I talked to social work practitioners, managers, leaders, educators and students about this vision. I am very grateful to all those who took the time to read the discussion document and provided me with their feedback. There was considerable agreement with my argument, which I have now presented to the Think Ahead team. I hope that the Think Ahead programme will have a positive impact on mental health social work in the years to come.

5 thoughts on “The future of mental health social work

  1. Hi Martin

    I have left Kent out of disillusionment with services and now sit on tribunals and am an external PE. Many of my Kent colleagues have done the same or have migrated to Medway where MHSW is a stand alone service and not integrated.

    It seems the integration and secondment was a root cause here and Trusts have expected MHSWs to assess, diagnose, advise on treatment and gate keep to their criteria regardless of the local LA’s criteria.

    Re “This needs to be rekindled through a focus on social interventions within an ecological framework of a person within their social environment”. Oh yes it does! – but cannot while MHSWs are being used to man the barriers, meet health KPIs and make decisions about mental health that they were never trained to do (albeit they do as well as any other professional without the MRCPsych to protect them).

    I never thought I would say this but feel that LA’s need to pull them back.

    Don’t ask me about Trusts managing AMHP services! They are treated as just another commodity.

    Regards

    Sheila

  2. I agree with everything Sheila has said in her comment. The same has happened here in Hampshire. Except the county council have taken back the control of the mental health social care agenda and MHSWs are being re-focused (not before time) on the social care dashboard of early intervention/wellbeing, personalisation and safeguarding. However, the trust will still want us to do the tasks Sheila describes. The two don’t add up and far from being more resources HCC is having to cut £98 million this year! The trust has to deal with a deficit/overspend of £25 million themselves. I understand why Sheila has got out and I only wish a route would open up for me too!

  3. Hi Martin, fast question for you on your depiction of the “macro.” I do like how you frame macro as occouring as an overall approach – asset/capacity based – involving services or organizations, but are you also implying perhaps national departments – like social services, health etc. — really suggesting policy implementation levels?

    1. Hi Bill,

      ‘Macro’ is used here to denote the wider community surrounding an individual.
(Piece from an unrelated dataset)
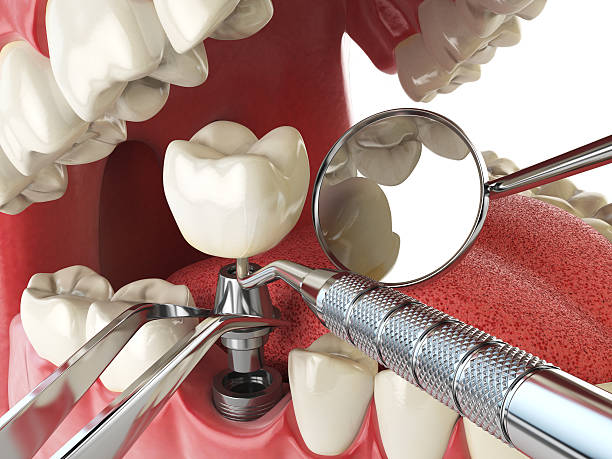 Best Weekend Emergency Dentist in Edwards Af, CA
I am suggesting here that social work predominantly intervenes at the individual level and, in the UK, rarely at the community level. We predominantly practice with individuals and, occasionally, with families or groups, but rarely with communities as ‘need’ is conceptualised in a very narrow way. It’s understandable as this fits with our contemporary welfare systems, but often solutions to social problems lay beyond the individual and the challenge is for practitioners to identify this and intervene at a more collective level.

      I’m aware that ‘macro’ can also refer to policy implementation or the organisational level, but this isn’t what I’m talking about here.

      I hope that this clarifies this for you.

      All the best,

      Martin

  4. Hi Martin,
    thanks for the information. I’m from Canada and in the system context I had always thought that Great Britain was that it had a much more focus on policy and the individual at the community level.
    This was based on many things, your countries’ historical policy efforts to address social determinants of health; on the Mental Health Competencies framework, for example for social inclusion; a general sense that “community” based care was foundational principle of how the system operated; how social work profession took a national approach.. Thanks for the reality check on my “projections” of the ideal society, for social work in mental health.